Feb 12, 2007 13:36
I have been home for almost exactly and hour and I have cleaned every bit of my living room and kitchen. I turned my radio up to my favorite ghetto music and just went to town on cleaning.
I really need to get everything in order. I start to detache myself from lots of things and people sometimes and that's in full throttle right now. It's mostly when I am in my own head far too often. I close other things out. It's weird but I am a pro.
I work today from five to who knows when. I have about a week and a half away from finishing off bills then I get to start putting money away for New York. FAR too excited to even talk about it.

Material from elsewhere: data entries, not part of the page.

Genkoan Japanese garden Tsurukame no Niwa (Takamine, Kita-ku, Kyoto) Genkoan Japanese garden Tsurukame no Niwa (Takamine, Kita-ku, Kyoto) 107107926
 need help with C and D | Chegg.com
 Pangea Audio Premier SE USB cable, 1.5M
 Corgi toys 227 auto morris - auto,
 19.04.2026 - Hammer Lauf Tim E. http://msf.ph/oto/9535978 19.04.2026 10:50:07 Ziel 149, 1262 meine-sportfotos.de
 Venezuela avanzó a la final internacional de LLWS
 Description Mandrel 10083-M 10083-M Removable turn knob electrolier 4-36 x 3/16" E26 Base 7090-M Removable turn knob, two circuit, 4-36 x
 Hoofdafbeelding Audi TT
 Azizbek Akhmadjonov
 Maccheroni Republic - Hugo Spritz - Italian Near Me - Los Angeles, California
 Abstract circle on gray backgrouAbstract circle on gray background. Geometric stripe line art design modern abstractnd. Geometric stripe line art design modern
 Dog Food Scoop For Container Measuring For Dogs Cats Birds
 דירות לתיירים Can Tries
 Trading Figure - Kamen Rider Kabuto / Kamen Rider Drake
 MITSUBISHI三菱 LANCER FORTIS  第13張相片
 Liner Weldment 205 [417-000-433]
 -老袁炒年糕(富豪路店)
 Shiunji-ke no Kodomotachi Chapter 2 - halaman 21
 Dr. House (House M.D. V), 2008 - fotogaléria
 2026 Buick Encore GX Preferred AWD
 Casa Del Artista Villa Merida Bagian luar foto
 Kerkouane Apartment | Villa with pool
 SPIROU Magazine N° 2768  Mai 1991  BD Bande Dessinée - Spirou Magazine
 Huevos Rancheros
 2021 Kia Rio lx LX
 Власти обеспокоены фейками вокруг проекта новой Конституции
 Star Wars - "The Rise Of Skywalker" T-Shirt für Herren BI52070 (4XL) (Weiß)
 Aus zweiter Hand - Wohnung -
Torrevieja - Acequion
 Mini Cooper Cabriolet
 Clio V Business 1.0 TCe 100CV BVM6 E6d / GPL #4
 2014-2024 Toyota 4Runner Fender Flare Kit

I am terribly confused about love right now. Everything about not having a real father type figure in my life has really screwed me up in that dept. I hear people say that all the time and I never really thought too much about it till I got here.Here, being 21, possibly facing actual love and not willing to accept it. I step back and realize I have pretty much ran away from every situation I have ever had that had the slightest bit of hope in it. I make up reasons to be " freaked out" or "not ready" hmm about every single chance I get. It's all a problem I shouldn't be reading too much into and just need to figure out that I can see good and trust in someone of the malsculine gender. Is it the father thing or too much independence? Oh dear. I will take this on.
I must get back to me insane amount of cleaning I am hoping by saturday everything will be far more organized and GONE.